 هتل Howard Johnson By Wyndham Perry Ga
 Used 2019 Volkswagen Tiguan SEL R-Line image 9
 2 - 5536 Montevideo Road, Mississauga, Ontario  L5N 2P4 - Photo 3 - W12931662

==

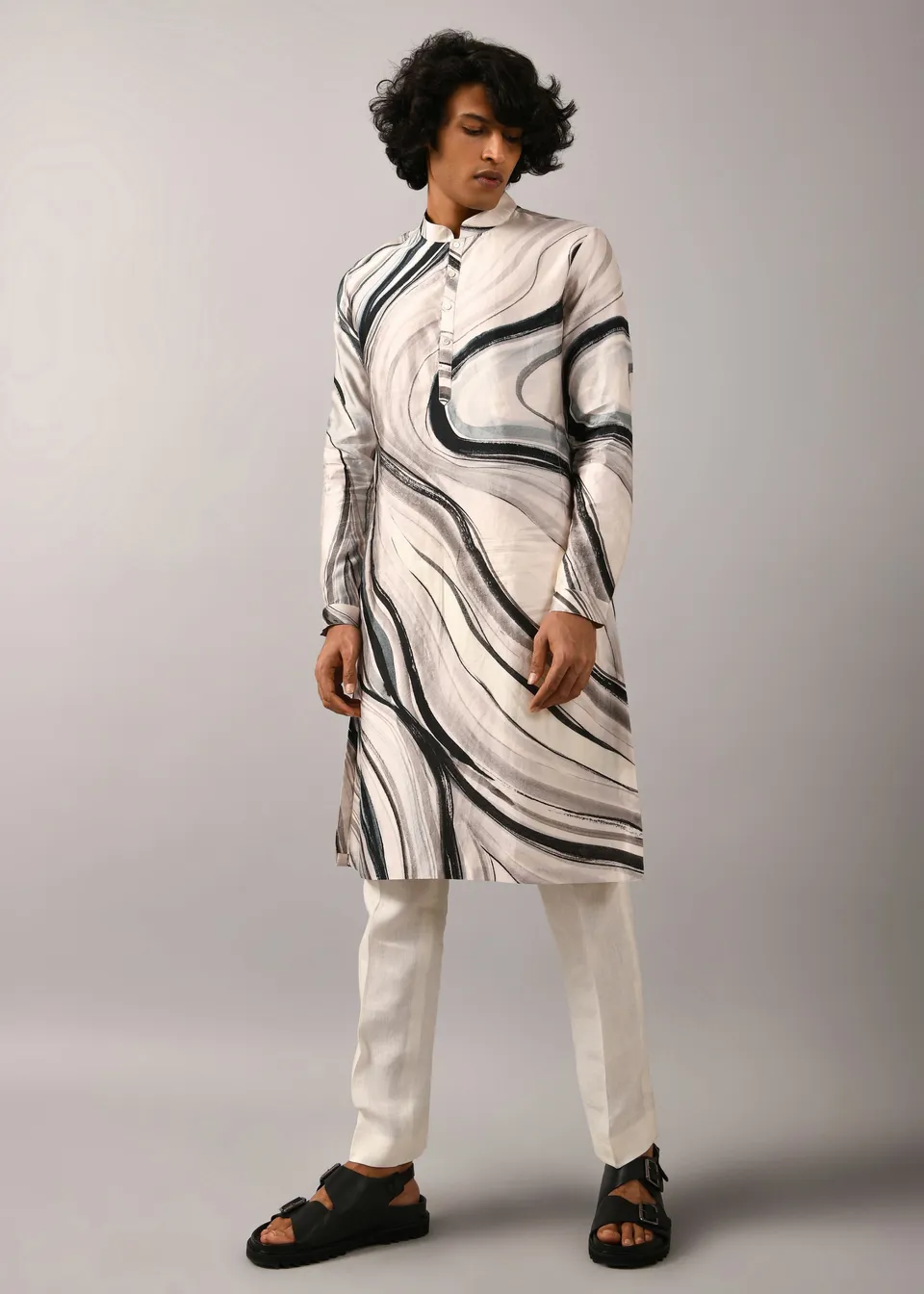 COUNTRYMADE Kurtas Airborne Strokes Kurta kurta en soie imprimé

Required work: Everything above from the line containing "هتل Howard Johnson By Wyndham Perry Ga" down to the line containing "2 - 5536 Montevideo" should be copied exactly, both end lines included, and nothing else.

Result:
 هتل Howard Johnson By Wyndham Perry Ga
 Used 2019 Volkswagen Tiguan SEL R-Line image 9
 2 - 5536 Montevideo Road, Mississauga, Ontario  L5N 2P4 - Photo 3 - W12931662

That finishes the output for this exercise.